NPO法人メディア・アクセス・サポートセンターの調査によると、耳や目が不自由な人に配慮した「バリアフリー映画」のうち、聴覚障害者向けにセリフや効果音を説明する字幕の付いた映画は、昨年280作が劇場公開またはDVD発売され、この10年間で飛躍的に増加した。一方、視覚障害者向けに音声ガイドの付いたDVDは、費用や手間の多さから、わずか15作で普及が遅れているという。 31年前、イングランド:トットナムのホームスタジアム:White Hart Laneで、チャーリー・ジョージのいるダービー・カウンティとの試合を観戦した夜を思い出した。
開始後しばらくすると右手に座る人が、試合の様子を彼の隣人に丁寧に説明しているではないか。目の不自由なファンが見せる、試合展開に反応した豊かな表情と、一緒に楽しむ介添人の生真面目さに心打たれた90分間だった。 20年後に再びイングランドを訪れた際、街の本屋で“Football Fan’s Guide”という小さな本を見つけた。93あるプロサッカークラブのホームスタジアムと周辺情報が満載された観戦ガイドだ。その中の「障害者の観戦」という欄に、“For the Blind”(目の不自由な方のために)の記述があった。そこには、用意された席数やサービス内容が記されている。

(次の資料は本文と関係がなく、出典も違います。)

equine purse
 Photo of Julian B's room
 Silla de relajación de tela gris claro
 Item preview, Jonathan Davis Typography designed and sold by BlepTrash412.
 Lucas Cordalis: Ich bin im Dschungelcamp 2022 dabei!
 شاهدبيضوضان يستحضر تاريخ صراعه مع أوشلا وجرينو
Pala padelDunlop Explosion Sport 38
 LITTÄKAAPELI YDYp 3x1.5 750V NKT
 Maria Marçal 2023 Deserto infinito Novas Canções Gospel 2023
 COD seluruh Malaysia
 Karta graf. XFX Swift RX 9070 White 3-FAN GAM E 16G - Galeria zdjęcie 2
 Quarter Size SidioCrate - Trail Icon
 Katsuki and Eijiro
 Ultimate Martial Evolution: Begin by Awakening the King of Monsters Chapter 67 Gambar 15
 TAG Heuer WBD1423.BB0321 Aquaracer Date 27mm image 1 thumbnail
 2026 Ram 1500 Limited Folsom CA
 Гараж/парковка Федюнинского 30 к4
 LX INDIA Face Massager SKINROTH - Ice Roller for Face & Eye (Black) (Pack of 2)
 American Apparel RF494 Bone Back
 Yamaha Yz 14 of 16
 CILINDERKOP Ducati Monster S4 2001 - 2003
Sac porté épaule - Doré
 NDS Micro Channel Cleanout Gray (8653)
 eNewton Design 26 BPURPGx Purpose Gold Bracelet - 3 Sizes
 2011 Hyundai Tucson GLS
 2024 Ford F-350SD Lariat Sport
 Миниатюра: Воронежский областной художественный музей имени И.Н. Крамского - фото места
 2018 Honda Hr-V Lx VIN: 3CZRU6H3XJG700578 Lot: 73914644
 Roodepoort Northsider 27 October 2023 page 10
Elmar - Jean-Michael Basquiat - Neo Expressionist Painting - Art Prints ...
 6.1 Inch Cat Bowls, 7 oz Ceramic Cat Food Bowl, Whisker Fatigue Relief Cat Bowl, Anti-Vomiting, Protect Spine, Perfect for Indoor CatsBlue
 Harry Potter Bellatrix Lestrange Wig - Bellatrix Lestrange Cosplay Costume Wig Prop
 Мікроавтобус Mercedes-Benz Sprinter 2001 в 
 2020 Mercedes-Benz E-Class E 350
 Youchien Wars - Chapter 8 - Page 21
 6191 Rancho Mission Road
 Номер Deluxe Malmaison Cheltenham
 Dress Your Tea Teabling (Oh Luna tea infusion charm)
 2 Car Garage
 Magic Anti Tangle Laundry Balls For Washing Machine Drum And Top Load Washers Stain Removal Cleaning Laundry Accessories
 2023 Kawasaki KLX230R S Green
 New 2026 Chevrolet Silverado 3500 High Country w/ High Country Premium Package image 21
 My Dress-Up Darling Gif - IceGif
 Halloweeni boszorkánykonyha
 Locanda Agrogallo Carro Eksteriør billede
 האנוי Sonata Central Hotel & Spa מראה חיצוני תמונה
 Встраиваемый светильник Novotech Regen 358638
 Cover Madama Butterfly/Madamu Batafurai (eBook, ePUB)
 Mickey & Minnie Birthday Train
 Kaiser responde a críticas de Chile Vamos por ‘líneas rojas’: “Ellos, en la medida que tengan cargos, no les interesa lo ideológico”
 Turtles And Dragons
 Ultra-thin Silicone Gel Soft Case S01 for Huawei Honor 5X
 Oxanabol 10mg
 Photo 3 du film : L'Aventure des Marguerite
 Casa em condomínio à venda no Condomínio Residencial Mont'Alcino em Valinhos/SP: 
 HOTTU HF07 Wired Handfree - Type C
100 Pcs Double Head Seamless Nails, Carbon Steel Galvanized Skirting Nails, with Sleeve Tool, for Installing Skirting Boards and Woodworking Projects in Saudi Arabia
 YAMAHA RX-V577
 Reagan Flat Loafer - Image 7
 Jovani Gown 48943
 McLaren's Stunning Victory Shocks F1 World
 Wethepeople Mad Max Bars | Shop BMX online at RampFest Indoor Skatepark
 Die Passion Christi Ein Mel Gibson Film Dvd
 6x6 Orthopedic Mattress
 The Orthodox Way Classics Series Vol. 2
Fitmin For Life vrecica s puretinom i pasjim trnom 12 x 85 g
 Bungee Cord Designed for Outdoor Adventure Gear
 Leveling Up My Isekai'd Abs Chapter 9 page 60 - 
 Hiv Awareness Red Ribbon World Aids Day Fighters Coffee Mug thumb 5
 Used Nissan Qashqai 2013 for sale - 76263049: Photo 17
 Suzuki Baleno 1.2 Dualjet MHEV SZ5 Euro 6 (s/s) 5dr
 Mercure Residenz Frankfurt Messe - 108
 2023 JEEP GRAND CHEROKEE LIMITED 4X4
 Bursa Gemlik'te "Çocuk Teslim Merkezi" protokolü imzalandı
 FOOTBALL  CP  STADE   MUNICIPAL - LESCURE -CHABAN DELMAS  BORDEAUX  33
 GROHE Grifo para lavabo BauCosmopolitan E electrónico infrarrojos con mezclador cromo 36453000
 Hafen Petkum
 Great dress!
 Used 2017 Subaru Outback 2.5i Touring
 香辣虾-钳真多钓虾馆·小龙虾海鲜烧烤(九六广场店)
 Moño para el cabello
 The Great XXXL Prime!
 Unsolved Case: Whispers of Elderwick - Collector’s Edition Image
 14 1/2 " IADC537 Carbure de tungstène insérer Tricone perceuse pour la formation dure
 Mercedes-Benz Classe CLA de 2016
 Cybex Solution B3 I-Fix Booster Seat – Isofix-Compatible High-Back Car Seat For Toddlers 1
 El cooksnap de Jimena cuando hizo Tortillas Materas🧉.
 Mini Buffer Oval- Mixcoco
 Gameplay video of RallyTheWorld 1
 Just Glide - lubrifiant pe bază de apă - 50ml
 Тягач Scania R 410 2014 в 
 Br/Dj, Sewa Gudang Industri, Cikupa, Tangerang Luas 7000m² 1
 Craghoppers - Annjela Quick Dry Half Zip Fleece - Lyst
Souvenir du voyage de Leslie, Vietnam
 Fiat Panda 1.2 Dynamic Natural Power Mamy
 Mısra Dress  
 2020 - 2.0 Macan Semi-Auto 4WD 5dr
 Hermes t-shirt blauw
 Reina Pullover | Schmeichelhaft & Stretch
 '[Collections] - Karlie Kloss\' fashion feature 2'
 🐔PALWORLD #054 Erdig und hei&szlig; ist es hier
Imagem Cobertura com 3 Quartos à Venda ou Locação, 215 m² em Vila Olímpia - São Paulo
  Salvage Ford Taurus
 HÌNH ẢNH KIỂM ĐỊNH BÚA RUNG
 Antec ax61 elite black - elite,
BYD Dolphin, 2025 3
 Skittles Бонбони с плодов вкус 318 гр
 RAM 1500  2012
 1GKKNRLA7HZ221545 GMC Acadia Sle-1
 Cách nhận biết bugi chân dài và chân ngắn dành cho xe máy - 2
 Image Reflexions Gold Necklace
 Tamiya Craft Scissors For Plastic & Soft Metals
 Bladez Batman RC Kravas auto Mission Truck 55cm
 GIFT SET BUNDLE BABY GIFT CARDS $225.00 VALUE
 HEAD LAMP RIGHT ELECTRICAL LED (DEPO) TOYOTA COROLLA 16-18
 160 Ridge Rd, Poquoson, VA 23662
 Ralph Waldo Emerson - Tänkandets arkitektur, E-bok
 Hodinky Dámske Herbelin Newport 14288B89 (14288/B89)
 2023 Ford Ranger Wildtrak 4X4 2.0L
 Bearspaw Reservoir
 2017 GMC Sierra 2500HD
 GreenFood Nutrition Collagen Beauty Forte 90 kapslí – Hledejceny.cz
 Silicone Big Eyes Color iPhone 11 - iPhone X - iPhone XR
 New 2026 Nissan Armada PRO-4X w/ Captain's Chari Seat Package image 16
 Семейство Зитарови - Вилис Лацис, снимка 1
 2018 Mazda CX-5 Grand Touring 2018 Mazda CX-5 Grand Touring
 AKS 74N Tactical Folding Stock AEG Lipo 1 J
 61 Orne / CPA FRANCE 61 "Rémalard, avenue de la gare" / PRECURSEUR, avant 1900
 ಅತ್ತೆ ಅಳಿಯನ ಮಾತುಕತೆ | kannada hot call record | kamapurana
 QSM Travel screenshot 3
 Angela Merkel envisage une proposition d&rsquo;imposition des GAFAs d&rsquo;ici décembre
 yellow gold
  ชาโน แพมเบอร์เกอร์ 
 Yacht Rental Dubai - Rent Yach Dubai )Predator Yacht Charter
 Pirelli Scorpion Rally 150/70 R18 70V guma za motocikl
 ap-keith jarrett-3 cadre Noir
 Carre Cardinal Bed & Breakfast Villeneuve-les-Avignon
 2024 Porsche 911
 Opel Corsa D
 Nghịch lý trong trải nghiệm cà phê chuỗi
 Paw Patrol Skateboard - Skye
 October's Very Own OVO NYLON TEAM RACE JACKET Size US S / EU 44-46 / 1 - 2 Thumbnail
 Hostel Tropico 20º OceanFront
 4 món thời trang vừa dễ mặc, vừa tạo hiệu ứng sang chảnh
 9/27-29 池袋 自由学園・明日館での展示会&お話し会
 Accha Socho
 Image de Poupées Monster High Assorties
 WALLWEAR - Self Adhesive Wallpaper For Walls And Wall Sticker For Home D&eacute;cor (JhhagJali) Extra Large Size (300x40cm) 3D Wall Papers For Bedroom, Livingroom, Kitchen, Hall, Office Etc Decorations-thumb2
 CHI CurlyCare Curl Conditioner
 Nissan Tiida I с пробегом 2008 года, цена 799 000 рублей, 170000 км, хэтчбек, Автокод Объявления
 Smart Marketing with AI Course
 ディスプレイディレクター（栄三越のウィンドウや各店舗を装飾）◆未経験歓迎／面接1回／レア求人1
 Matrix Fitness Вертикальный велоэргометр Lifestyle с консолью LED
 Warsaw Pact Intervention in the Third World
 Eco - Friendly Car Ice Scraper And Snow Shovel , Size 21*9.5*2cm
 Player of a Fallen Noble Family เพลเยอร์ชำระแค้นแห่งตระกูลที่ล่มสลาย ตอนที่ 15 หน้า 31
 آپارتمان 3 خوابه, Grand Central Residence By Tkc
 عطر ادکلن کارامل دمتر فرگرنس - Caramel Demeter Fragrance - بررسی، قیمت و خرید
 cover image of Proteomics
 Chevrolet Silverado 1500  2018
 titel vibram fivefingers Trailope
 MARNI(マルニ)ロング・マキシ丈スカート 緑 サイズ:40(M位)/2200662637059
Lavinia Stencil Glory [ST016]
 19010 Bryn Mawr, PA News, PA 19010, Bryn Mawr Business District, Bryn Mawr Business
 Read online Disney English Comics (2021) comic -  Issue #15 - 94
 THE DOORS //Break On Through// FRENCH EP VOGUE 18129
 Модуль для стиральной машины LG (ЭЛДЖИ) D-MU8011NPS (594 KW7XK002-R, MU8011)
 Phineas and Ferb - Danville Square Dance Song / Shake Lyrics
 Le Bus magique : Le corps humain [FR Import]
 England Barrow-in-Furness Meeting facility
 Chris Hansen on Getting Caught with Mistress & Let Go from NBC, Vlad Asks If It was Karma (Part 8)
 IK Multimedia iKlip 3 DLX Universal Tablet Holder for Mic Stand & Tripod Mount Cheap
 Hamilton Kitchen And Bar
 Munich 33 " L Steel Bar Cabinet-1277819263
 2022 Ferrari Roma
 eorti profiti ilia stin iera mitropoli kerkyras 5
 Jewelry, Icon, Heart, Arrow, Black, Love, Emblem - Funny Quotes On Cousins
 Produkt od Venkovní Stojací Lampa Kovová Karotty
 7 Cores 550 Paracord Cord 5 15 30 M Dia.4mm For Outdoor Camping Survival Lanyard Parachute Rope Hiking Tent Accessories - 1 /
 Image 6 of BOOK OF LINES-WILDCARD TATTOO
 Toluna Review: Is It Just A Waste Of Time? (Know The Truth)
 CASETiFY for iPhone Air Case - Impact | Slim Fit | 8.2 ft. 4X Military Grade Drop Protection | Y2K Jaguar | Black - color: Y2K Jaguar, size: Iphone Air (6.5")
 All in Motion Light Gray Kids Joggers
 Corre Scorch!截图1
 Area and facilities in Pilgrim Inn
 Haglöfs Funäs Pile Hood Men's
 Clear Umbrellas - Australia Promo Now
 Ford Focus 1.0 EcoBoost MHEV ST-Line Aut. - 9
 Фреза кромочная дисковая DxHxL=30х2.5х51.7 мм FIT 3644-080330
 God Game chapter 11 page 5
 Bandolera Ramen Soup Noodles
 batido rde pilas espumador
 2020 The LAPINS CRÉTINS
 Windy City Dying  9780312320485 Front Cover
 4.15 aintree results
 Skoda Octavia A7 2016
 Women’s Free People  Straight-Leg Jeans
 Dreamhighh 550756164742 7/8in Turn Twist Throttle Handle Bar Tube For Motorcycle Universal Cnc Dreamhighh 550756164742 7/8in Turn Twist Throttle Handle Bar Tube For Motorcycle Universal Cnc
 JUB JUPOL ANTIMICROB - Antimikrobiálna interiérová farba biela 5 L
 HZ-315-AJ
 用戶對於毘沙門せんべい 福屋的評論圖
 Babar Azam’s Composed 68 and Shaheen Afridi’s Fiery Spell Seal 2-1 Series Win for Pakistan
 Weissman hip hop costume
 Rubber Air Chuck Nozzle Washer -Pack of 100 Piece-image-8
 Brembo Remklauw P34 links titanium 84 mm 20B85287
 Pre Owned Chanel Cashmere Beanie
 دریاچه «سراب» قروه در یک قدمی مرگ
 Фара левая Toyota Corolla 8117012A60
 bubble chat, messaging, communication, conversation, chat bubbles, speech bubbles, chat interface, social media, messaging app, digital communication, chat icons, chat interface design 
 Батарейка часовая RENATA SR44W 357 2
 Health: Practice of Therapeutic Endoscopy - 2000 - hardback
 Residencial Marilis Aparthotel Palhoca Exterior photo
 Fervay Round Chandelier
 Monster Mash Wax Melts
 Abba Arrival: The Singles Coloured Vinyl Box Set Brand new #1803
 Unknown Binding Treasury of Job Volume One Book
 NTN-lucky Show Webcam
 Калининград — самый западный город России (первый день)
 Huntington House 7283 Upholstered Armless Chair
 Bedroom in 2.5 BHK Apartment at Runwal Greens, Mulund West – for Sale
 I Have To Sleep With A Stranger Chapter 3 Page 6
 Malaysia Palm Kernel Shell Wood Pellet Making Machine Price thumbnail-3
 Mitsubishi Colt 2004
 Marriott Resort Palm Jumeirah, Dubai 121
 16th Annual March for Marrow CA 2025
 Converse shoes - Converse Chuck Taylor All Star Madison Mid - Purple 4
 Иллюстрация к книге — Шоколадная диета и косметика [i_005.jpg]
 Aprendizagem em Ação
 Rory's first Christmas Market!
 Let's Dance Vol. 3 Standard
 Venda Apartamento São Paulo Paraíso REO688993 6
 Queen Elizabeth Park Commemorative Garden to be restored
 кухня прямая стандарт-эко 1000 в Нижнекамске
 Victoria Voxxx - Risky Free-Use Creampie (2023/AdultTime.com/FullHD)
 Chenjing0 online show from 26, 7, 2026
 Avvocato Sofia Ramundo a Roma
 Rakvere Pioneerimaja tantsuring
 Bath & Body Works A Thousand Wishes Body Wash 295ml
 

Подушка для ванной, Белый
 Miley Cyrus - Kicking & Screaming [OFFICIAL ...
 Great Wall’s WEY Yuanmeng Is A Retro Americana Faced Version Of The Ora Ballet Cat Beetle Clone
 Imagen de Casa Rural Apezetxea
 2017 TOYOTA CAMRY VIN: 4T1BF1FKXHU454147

ほとんどのクラブが視覚障害者の観戦受け容れ可能。専用のヘッドフォンを借りて試合を解説する音声を聞くというもの。
アーセナルには、最多の約70席が準備されていた。Radioの実況放送よりも細やかな気配りだ。 車いすの人、目や耳が不自由な人、だれもがスタジアムに足を運び試合を楽しめる環境は、Jリーグ“百年構想”の描くシーンのひとつ。単に設備投資をすれば実現できる事柄でないことは、かつて垣間見たロンドンの光景からも明らかだ。 自動ドア天国に慣れ切ってしまうと、開けたとびらに手を添えて、後ろから続く他人を気遣う余裕をなくしてしまいがちな世の中。だから、逆のことをされた時にも人の親切に気づかなくなる。試合に勝った時の喜びが大きいのは、負けたくやしさを知っているからこそである。 わが国の、18才以上の視覚障害者は31万人(2006)。これは、聴覚障害者の27万人を上回る数字だ。目の不自由なファンが、一人でも多く、観戦を楽しめるスタジアムへの配慮も大切になる。まずは、心の中に在る“バリア”を取り除くことから。「分かち合うこと」を身をもって知る、それがクラブの成熟につながる。